■ DIRECTIONS
Would you copy only the lines below, from the one containing "this 800×550 image." through the very last one, leaving the pictures out?

[Dataset items]

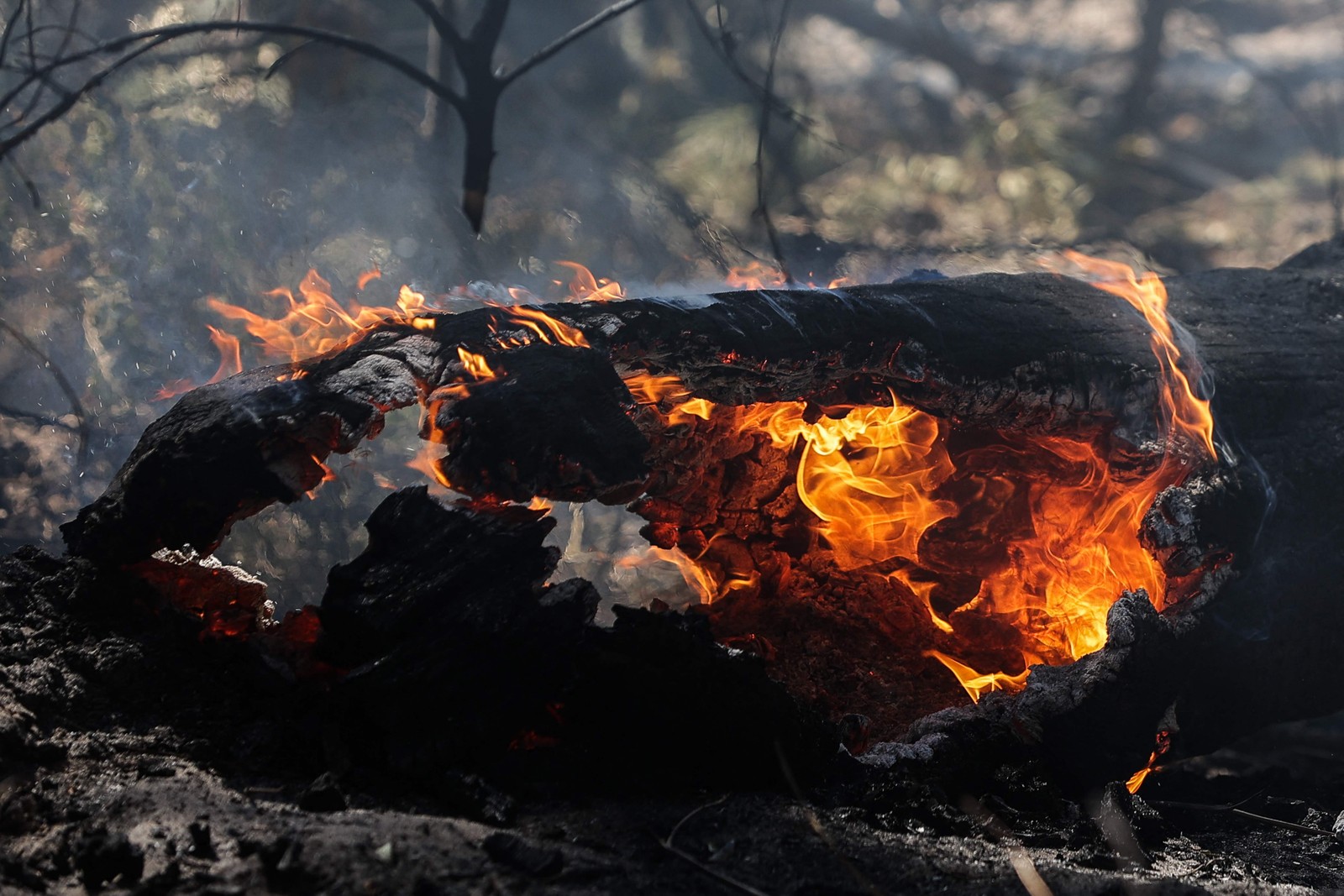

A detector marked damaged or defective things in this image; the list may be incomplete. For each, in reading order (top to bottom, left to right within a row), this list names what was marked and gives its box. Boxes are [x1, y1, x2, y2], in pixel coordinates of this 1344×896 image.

cracked burnt wood [66, 236, 1344, 784]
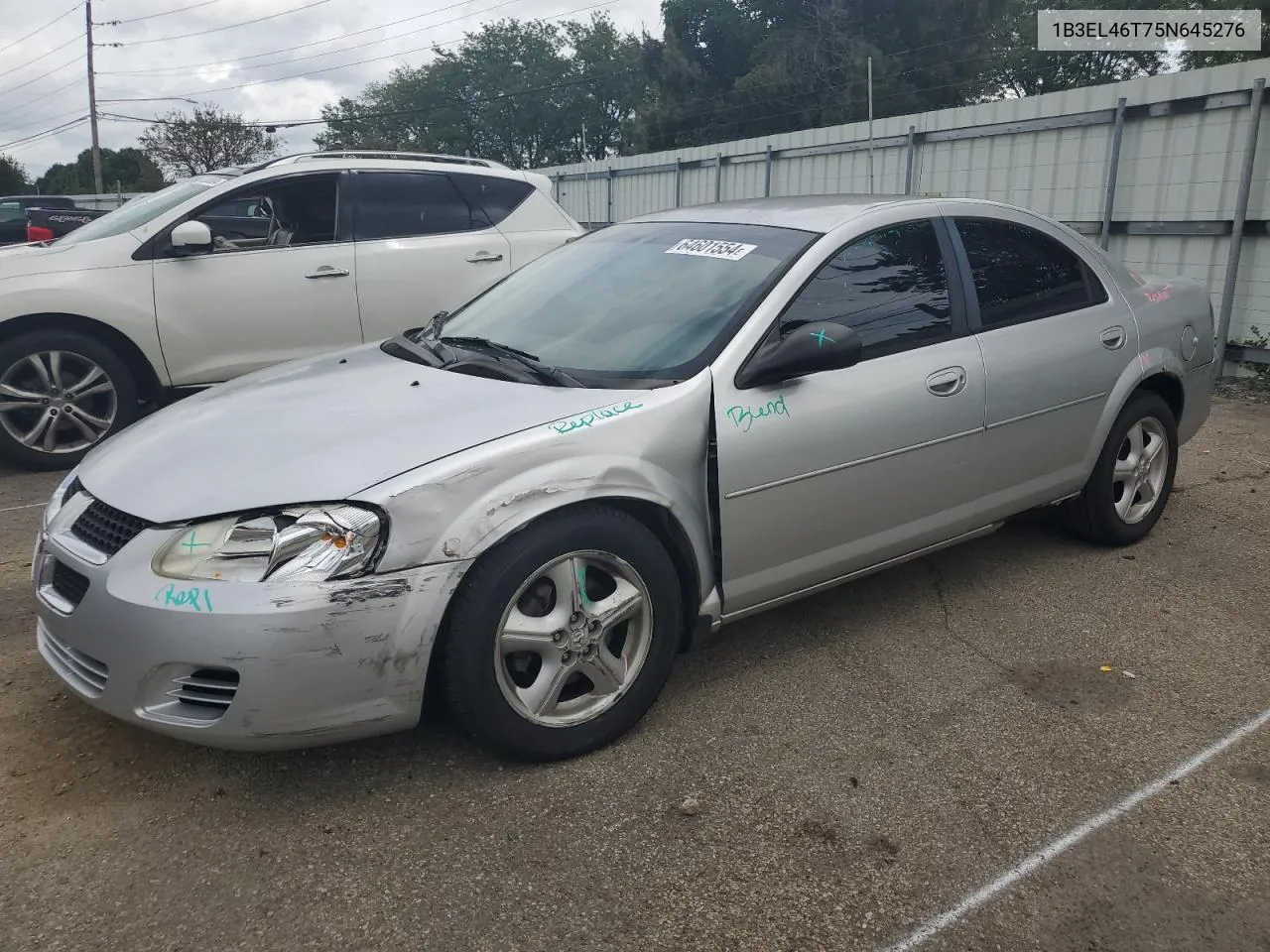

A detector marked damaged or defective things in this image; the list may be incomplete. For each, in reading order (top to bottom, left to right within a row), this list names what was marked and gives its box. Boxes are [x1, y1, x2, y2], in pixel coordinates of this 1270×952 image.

broken headlight lens [156, 508, 381, 581]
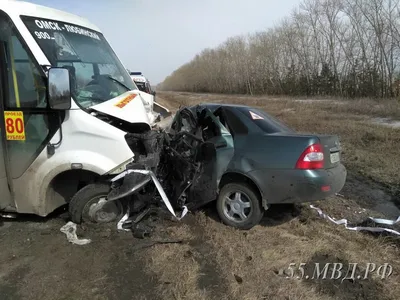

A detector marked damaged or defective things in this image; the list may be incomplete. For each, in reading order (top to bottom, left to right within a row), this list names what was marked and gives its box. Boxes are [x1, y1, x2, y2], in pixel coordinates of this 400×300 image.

shattered windshield [20, 15, 136, 108]
crumpled hood [90, 90, 159, 125]
damaged car [69, 103, 346, 230]
broken bumper [247, 163, 346, 205]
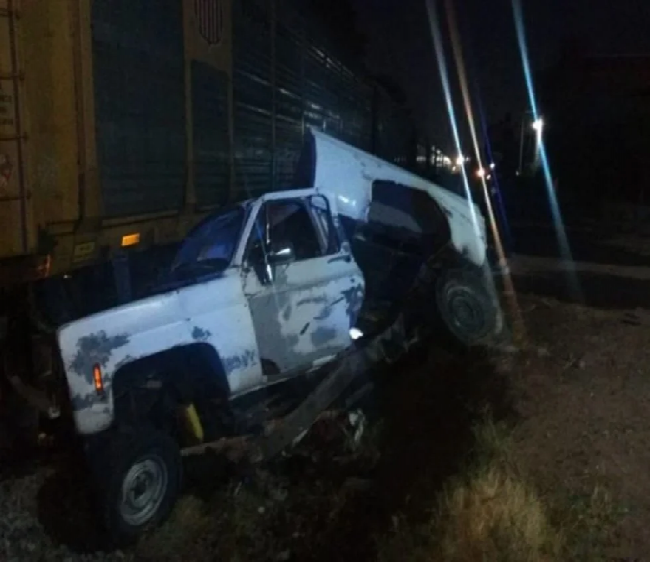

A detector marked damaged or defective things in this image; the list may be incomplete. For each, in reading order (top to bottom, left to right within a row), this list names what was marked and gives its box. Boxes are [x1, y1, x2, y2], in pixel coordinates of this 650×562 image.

damaged vehicle door [239, 190, 362, 378]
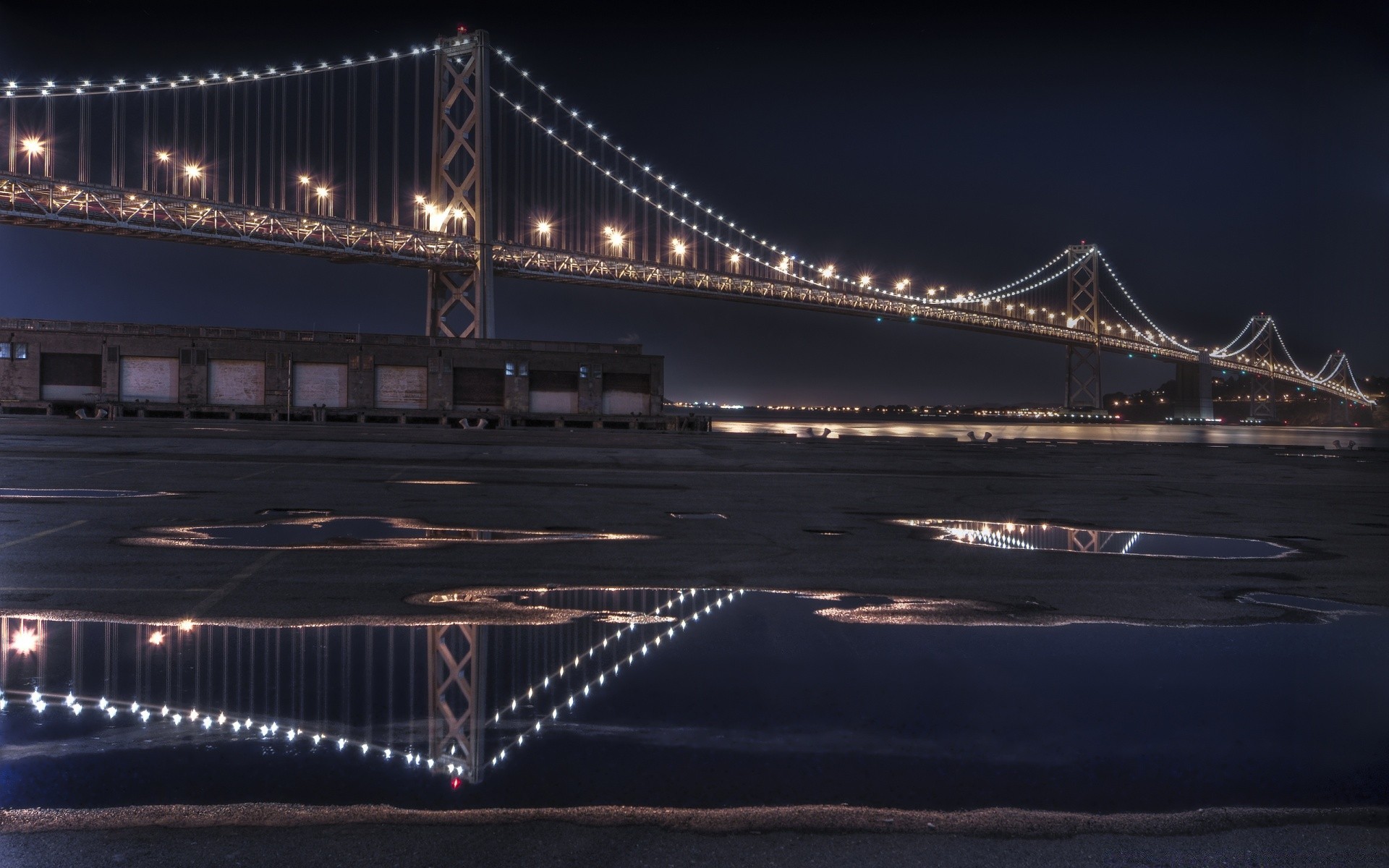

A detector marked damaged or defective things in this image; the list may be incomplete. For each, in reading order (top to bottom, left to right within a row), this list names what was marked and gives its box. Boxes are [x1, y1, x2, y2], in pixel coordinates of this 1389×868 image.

pothole [894, 516, 1294, 558]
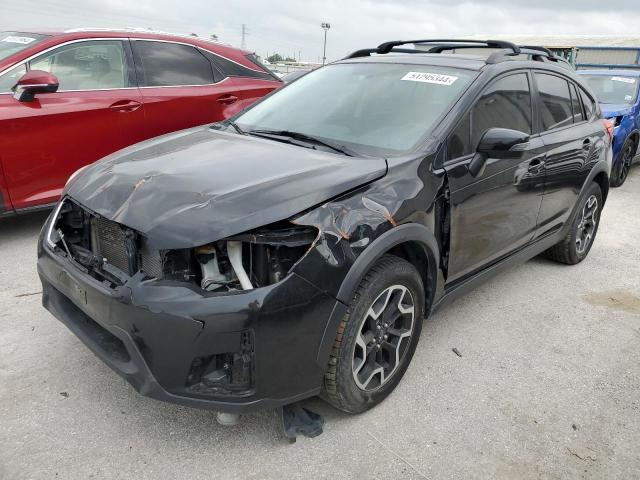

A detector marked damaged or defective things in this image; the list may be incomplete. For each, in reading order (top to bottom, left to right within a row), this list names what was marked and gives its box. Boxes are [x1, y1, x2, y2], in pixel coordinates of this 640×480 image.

crumpled hood [66, 125, 384, 249]
damaged front bumper [37, 219, 348, 414]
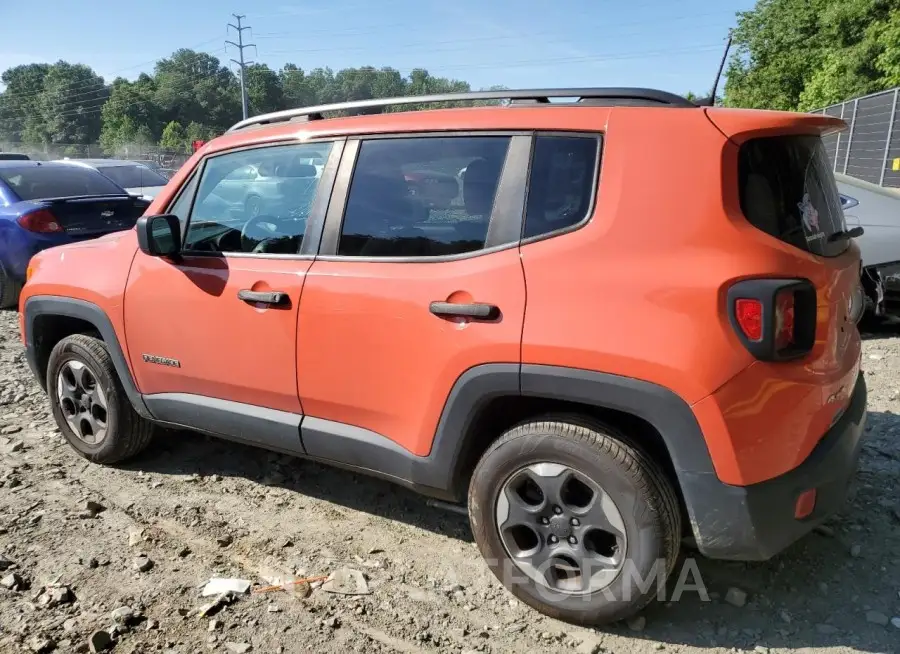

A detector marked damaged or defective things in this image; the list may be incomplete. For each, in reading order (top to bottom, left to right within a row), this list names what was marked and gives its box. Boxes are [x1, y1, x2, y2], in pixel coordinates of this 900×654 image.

damaged car in background [836, 172, 900, 320]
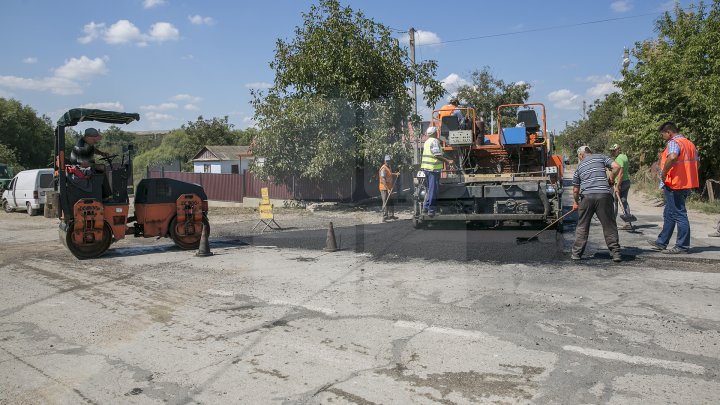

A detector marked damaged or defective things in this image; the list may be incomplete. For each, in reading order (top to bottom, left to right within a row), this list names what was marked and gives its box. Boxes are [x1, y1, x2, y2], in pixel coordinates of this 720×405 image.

cracked road surface [1, 200, 720, 402]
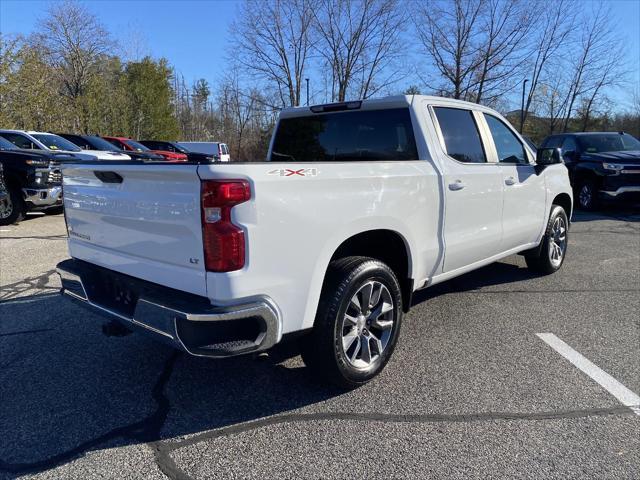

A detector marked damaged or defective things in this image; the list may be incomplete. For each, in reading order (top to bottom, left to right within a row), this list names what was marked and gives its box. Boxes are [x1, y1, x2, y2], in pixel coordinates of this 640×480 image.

pavement crack [0, 350, 179, 478]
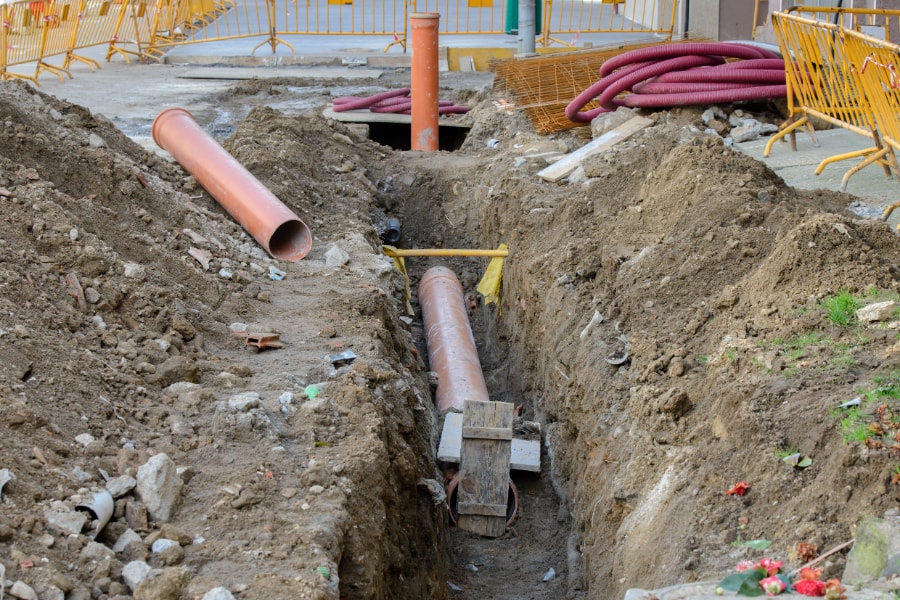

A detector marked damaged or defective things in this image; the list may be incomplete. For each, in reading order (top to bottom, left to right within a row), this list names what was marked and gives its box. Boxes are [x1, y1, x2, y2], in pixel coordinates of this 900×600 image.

broken concrete chunk [135, 452, 183, 524]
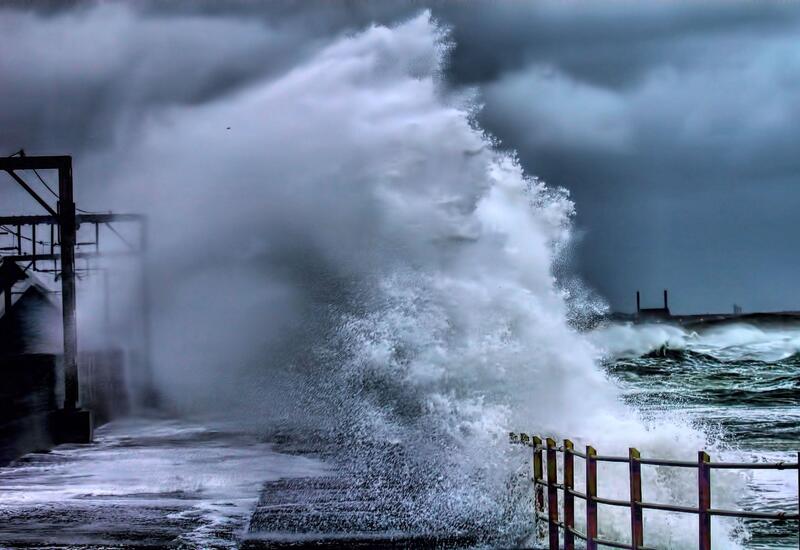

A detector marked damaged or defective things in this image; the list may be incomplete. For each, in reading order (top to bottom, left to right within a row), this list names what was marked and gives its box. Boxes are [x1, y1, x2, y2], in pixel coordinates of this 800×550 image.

rusted metal structure [0, 152, 151, 444]
rusted metal structure [510, 436, 796, 550]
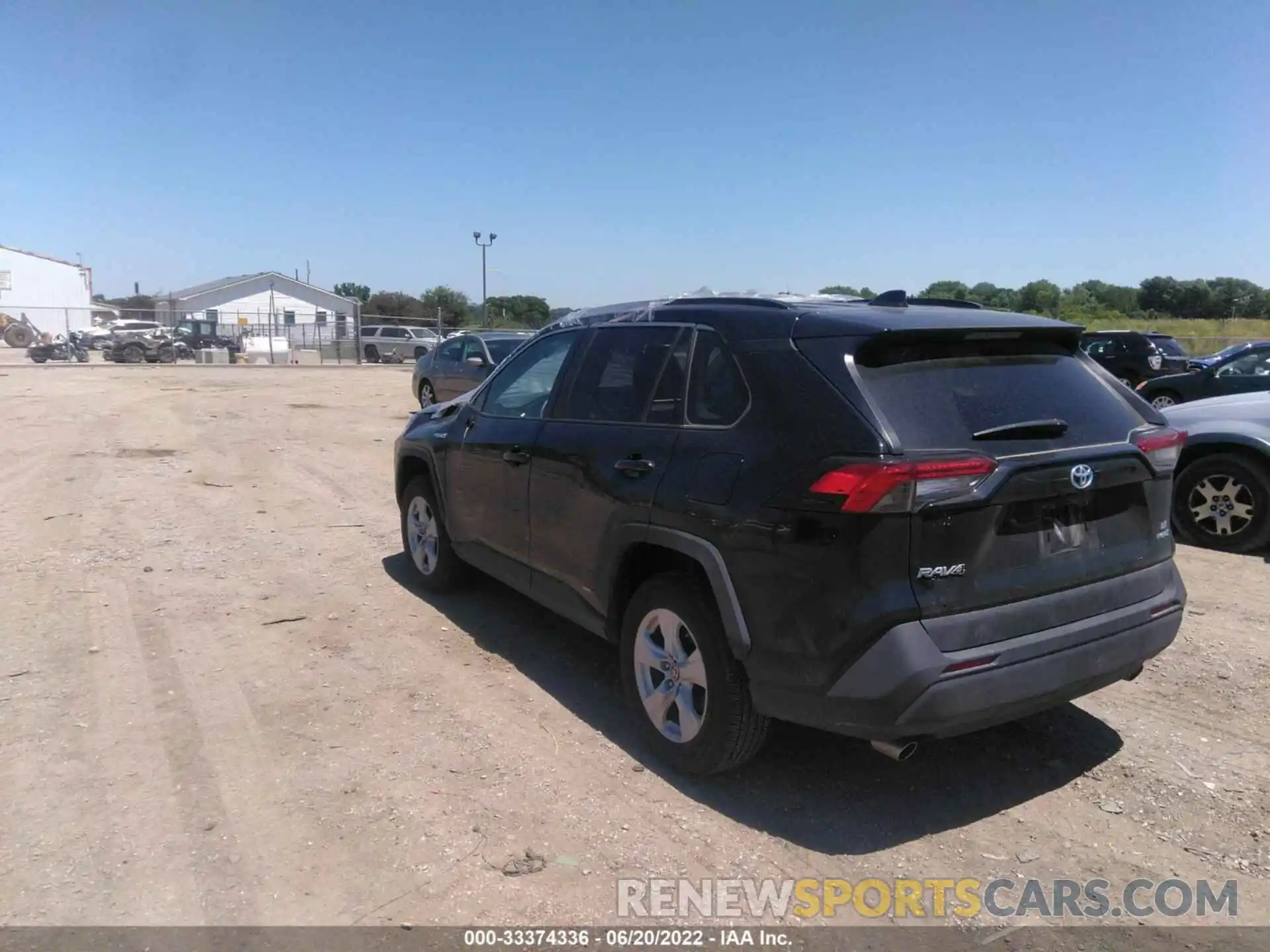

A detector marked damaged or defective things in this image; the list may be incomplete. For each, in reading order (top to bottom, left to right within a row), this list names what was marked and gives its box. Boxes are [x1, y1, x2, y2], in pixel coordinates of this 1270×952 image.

damaged suv [392, 290, 1185, 772]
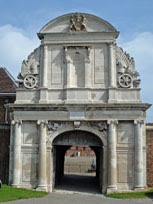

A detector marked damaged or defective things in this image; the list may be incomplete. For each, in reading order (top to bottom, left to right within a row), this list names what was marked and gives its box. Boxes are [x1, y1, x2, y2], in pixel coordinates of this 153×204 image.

broken pediment [38, 12, 118, 36]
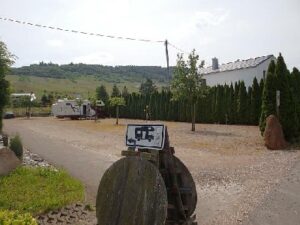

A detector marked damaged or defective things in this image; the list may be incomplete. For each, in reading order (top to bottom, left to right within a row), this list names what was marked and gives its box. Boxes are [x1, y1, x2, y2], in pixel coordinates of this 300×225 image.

rusted metal wheel [96, 156, 168, 225]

■ SOLUTION FOR THIS EXERCISE
A detector marked damaged or defective things in this image; the list may be incomplete. For each, in reading order (top to bottom, left to right within a row), this list names what was marked and gives its box. Boxes are [x1, y1, x2, y2], in pixel coordinates of this 800×550 image.

rusted metal structure [0, 152, 151, 444]
rusted metal structure [510, 436, 796, 550]

A detector marked damaged or defective things in this image; the list may be incomplete. For each, in reading order (top to bottom, left to right within a row), this list names what was marked and gives its box. Boxes are [x1, y1, x2, y2], in pixel coordinates of this 1270×952 image.

damaged suv [392, 290, 1185, 772]

A detector marked damaged or defective things in this image; the list may be incomplete. For each, in reading order (top to bottom, left to right within a row), this list names what was marked and gives its box. Boxes are [x1, y1, x2, y2], in pixel coordinates of this 153×204 image.

broken pediment [38, 12, 118, 36]

A detector marked damaged or defective things in this image; the list may be incomplete. For each, in reading order (top to bottom, left to right within a row), this list names what was marked and gives its box. Boxes are [x1, y1, x2, y2], in pixel coordinates of this 300×225 image.

rusted metal wheel [96, 156, 168, 225]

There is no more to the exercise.